The Human Rights Department and the Main Investigation Department of the National Police have worked with ODIHR to transform the internal Methodological Recommendations on Investigating Hate Crimes, launched in 2017, into a publication on Categorizing and Investigating Hate Crimes in Ukraine: A Practical Guide, launched in 2019, which is now to be translated into operational practice of the police and subsequent trainings for police officers.
The African Centre reported two physical assaults, including one by a group, involving the throwing of stones. The victims were all of African descent.
The Diversity Initiative and the Congress of National Communities reported seven physical assaults, including five resulting in serious injury and four carried out by a group; and one attack involving a knife.
The Congress of National Communities reported a further five physical assaults, including one carried out by a group; two attacks involving a knife; and one attack where the victim was intentionally hit by a car.
The Diversity Initiative reported a further five physical assaults, including three stabbings; and one case of damage to a plaque commemorating the deportation of the Crimean Tatars.
The majority of victims of the assaults were people of African descent.
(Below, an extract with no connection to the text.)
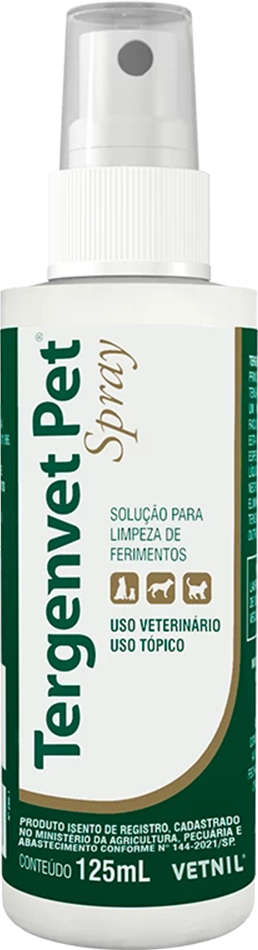 Solução Vetnil Spray para Limpeza de Ferimento Tergenvet - 125 mL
There was also one Vietnamese male victim.
World Without Nazism reported two physical assaults resulting in serious injury, including an assault with a brick and one involving a knife attack.
The Diversity Initiative, the Congress of National Communities, the Euro-Asian Jewish Congress and World Without Nazism reported one serious physical assault against a rabbi by a group using pepper spray.
The Diversity Initiative, the Congress of National Communities and the Euro-Asian Jewish Congress reported a further two physical assaults, carried out by a group.
The Diversity Initiative, the Euro-Asian Jewish Congress and World Without Nazism reported one case of graffiti on a Jewish memorial sign.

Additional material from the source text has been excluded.